The detection of catastrophic departure from the benchmark is usually by the Shewhart Chart, not covered on this site. Usually, some statistically improbable outcome, such as two consecutive measurements outside 3 Standard Deviations, or 3 consecutive measurements outside 2 Standard Deviations, is used to trigger an alarm that all is not well.

In many instances however, the departures from outcome benchmark are gradual and small in scale, and these are difficult to detect. Examples of this are changes in size and shape of products caused by progressive wearing out of machinery parts, reduced success rates over time when experienced staff are gradually replaced by novices in a work team, increases in client complaints to a service department following a loss of adequate supervision.

CUSUM is a statistical process of sampling outcome, and summing departures from benchmarks. When the situation is in control, the departures caused by random variations cancel each other numerically. In the out of control situation, departures from benchmark tend to be unidirectional, so that the sum of departures accumulates until it becomes statistically identifiable.

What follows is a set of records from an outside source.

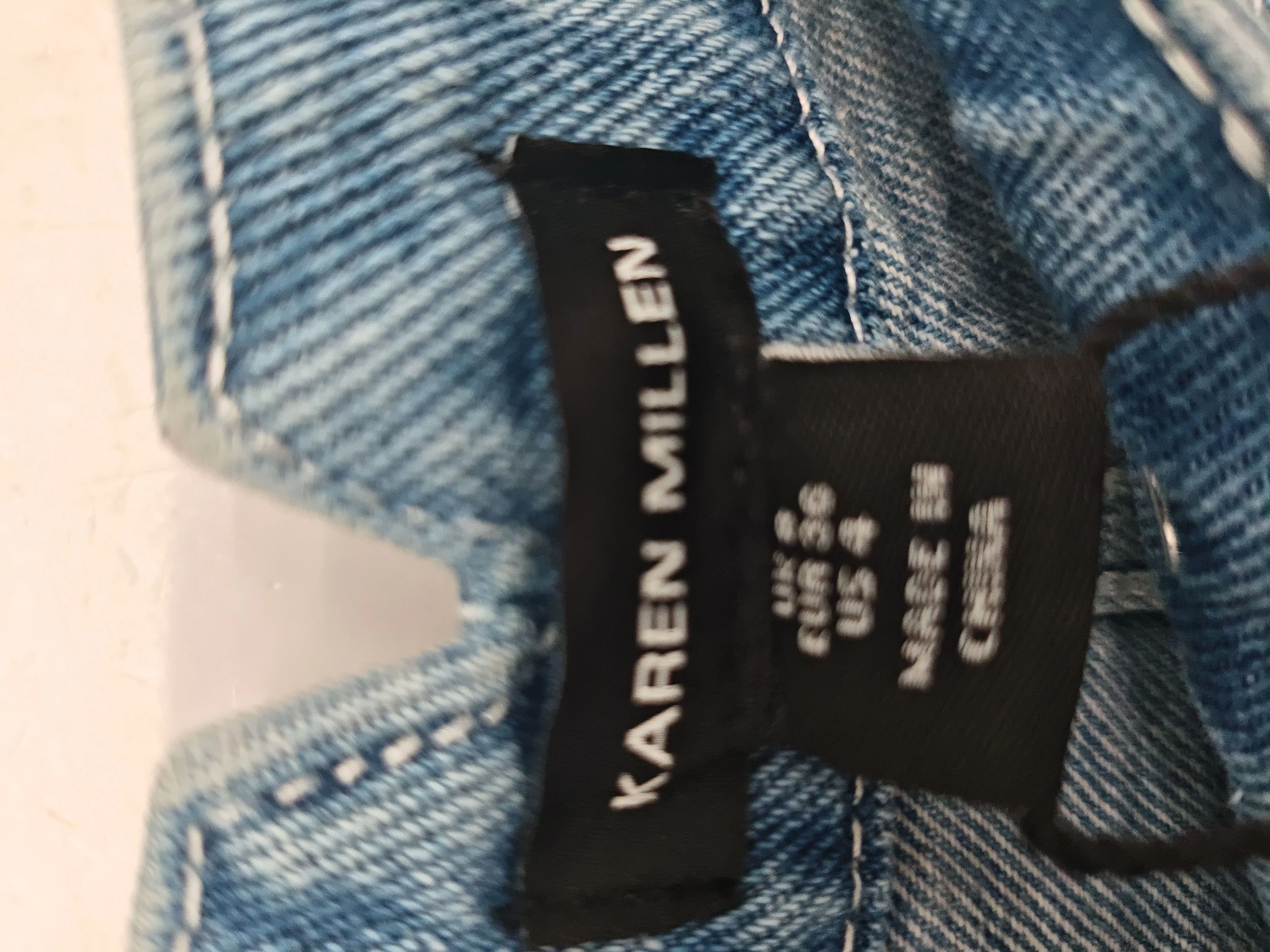 Karen Millen Women's Jeans UK 8 Blue Cotton with Viscose, Lyocell Modal Wide-Leg - Image 6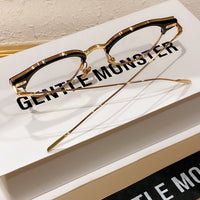 S-sunglasses Round Frame Computer Anti Radiation Replaceable Hinges High Quality Eyeglass For Kito Black Acetate And Gold Metal Frame Anti Blue Reading Beta Titanium Glasses For Women Men
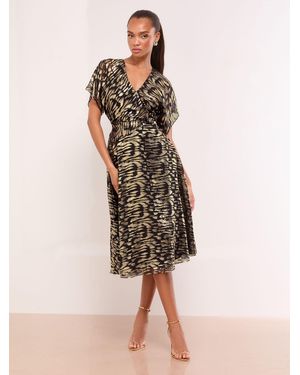 Lipsy Petite Metallic Printed V-Neck Fit And Flare Midi Dress - Natural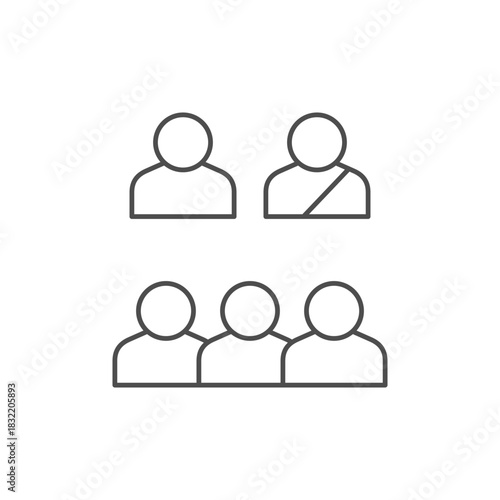 Car passengers line outline icon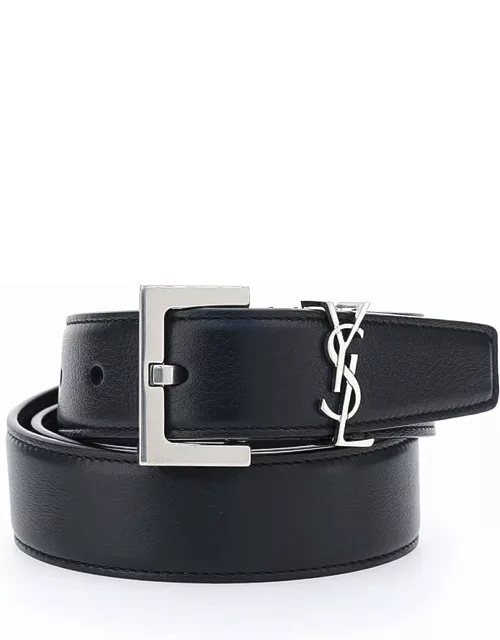 Saint Laurent Leather Belt With Silver Logo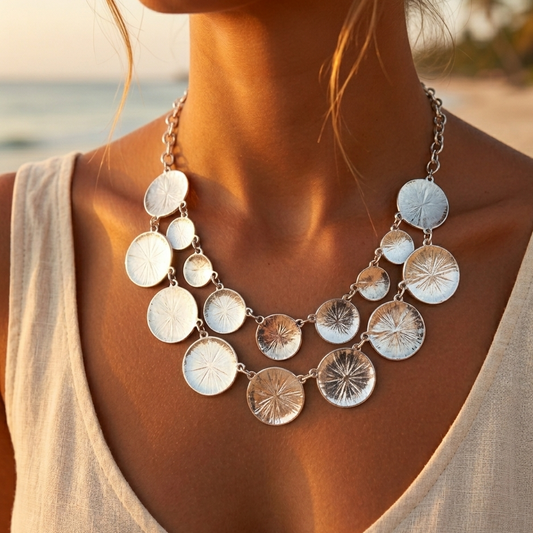 Double-strand necklace, steel rolo chain, hammered round silver-tone metal pieces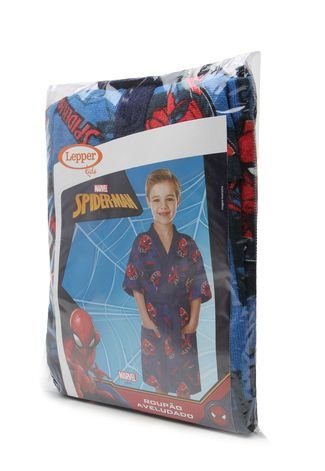 Roupão Lepper Infantil Aveludado Spider-Man G Azul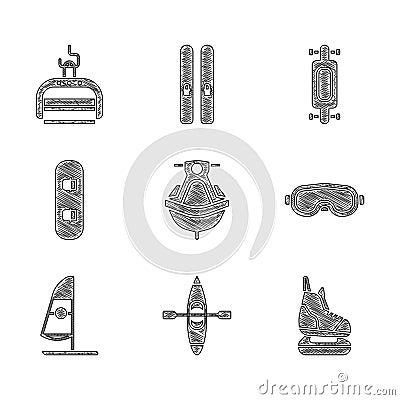 Set Jet ski, Kayak or canoe, Skates, Ski goggles, Windsurfing, Snowboard, Longboard skateboard and lift icon. Vector Stock Photo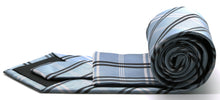 Load image into Gallery viewer, Mens Dads Classic Blue Stripe Pattern Business Casual Necktie & Hanky Set Z-4 - Ferrecci USA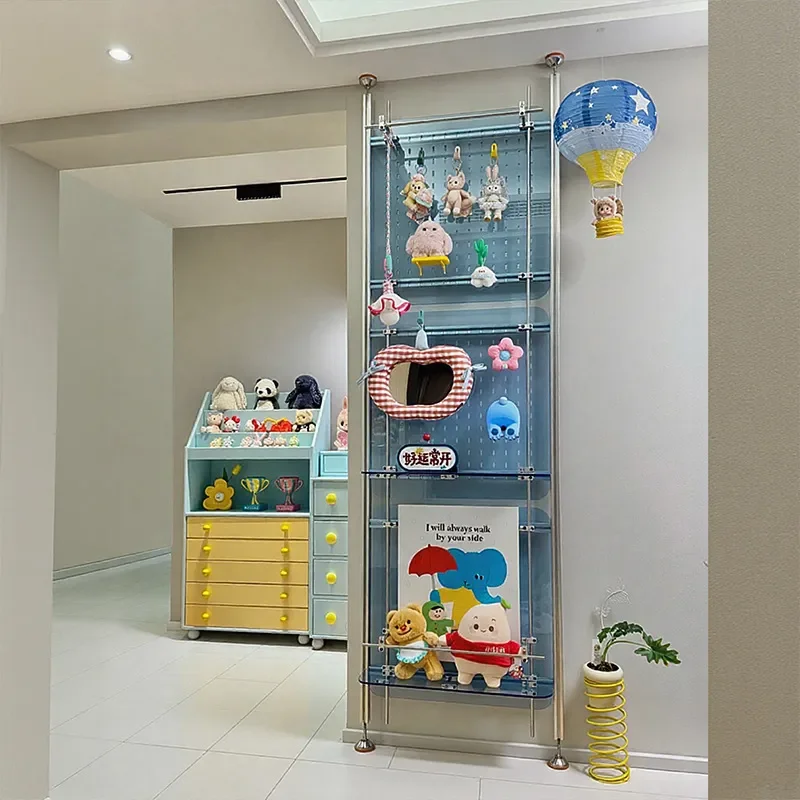 No Punching Aluminum Profile Partition Storage Rack with Hole Plate Living Room Screen Divider Coat Rack Organizer Shelf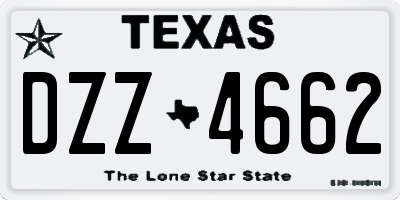 TX license plate DZZ4662
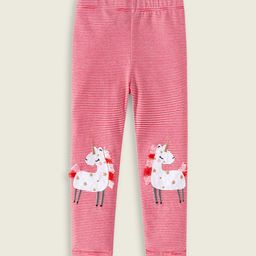 INCLUD Girls Striped Unicorn Appliqued Leggings-image-40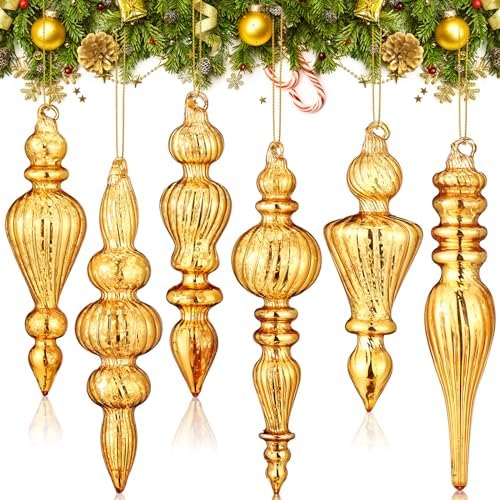 Soaoo 6 Pcs 6.3 in Champagne Gold Mercury Glass Finial Christmas Ornaments by Soaoo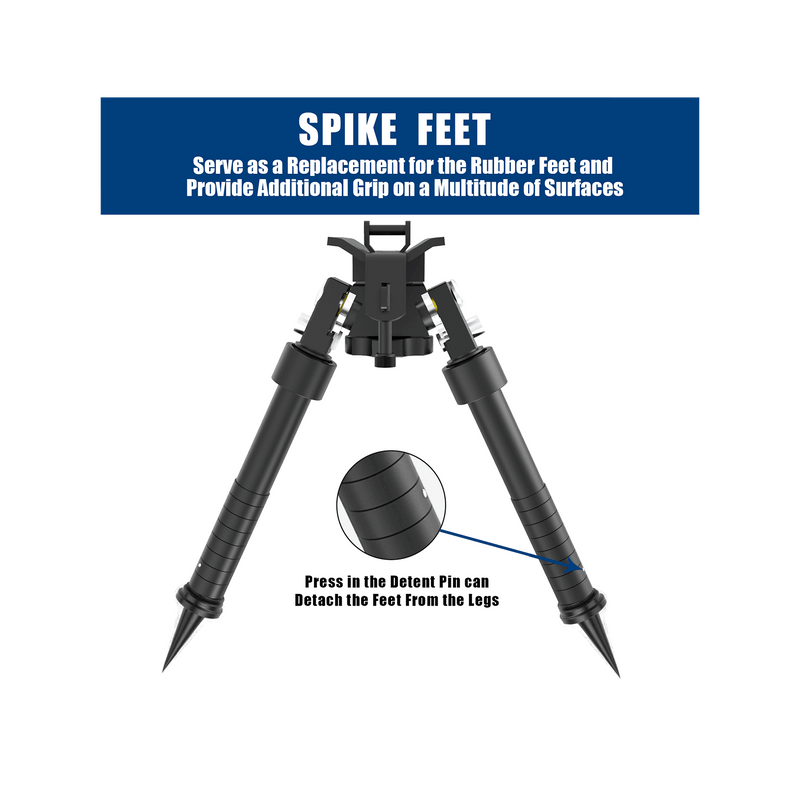 Load image into Gallery viewer, UUQ QV8 6-9 Inches Tactical Rifle Adjustable Bipod for Hunting and Shooting, Directly Attach to Sling Swivel Stud, w/Spike Feet - UUQ Optics
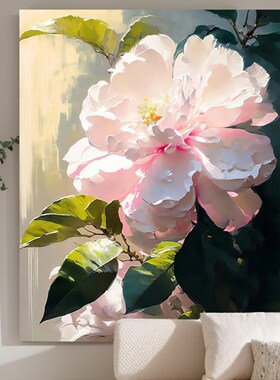 月季花肌理手绘油画挂画抽象装饰画现代简约客厅落地画高级感大幅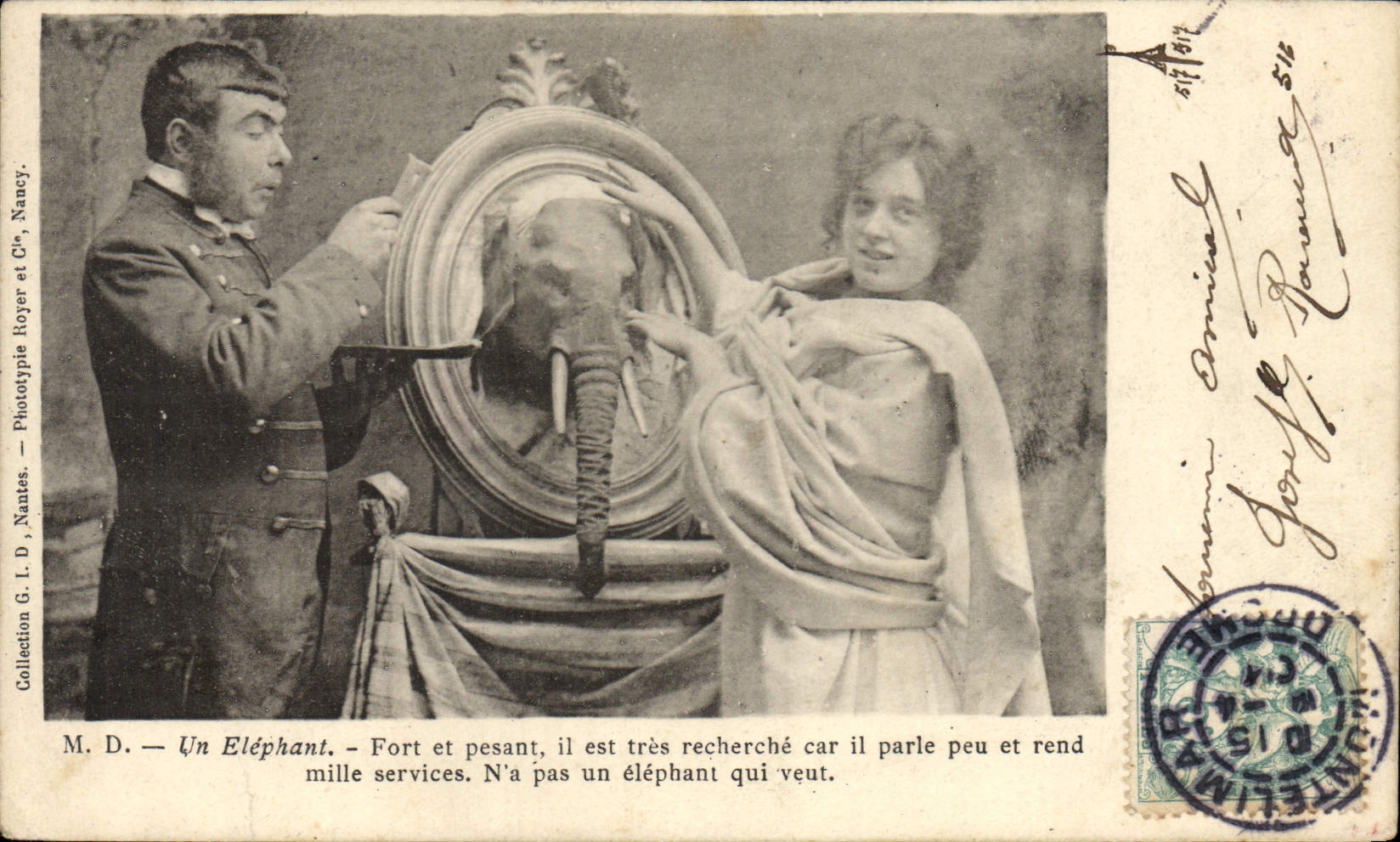 CPA Elephant Femme Fantaisie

The mathematical process for CUSUM is in 2 parts. The common part is the summation of depertures from the bench mark (CUSUM), and graphically demonstrating it. The unique part is the calculation of the decision interval abbreviated as DI or h, and the reference value, abbreviated as k, which continuously adjustes the CUSUM and its variance. The two values of h and k depend on the following parameters

• The in control values
• The out of control values
• The Type I Error or false positive rate, expressed as the Average Run Length, abbreviated as ARL, the number of samples expected for a false positve decision when the situation is in control. ARL is the inverse of false positive rate. A false positive rate of 1% would have ARL=100

### Data with skewed distribution

All unidirectional measurements are ratios against a known standard, and have positve values. In most cases, the range of measurement is sufficiently far from 0, and the variability sufficiently narrow that the errors incurred by assuming the normal distribution is trivial, and statistical analysis can be carried out with that assumption. When the values of measurements are close to zero (0), and the variations wide, the assumtion of normal distribution becomes invalid, as the probability curve becomes skewed with the mode near the lower values and a long tail for the higher values.

An example of this is in time measurements. When we consider the age of pregnant women, the range is between 20-40 years, with the mode near the mean. The skew is so minor that in most cases age of the mother can be treated as normally distributed values.

However, if we consider the duration of labour, the range is from within a few minutes to over 24 hours, with most women delivered between 4-8 hours. The mode is therefore near the lower values, and there is a long tail of higher values. Statistical analysis based on the assumtion of normality will likely lead to misinterpretations.

### Dealing with skewed data

A set of skewed data can be transformed, so that its distribution become closer to normal distribution. The common transformation is log and square root transformation, as these stretches the intervals amongst the lower values and shrink the intervals of the higher values. For more complex skews, the Box Cox transformation can be used. The data are transformed, the analysis assumes normal distribution, and the results reverse transformed to the original units. Data transformation are discussed in the Numerical Transformation Explained Page and programs for them in Numerical Transformation Program Page

### CUSUM for the Inverse Gaussian Distribution

When the data is a continuous measurement of all positive values, and has a skew, the Inverse Gaussian distribution is the most appropriate model to use for CUSUM, as the model allows a precise prediction of what the data should be.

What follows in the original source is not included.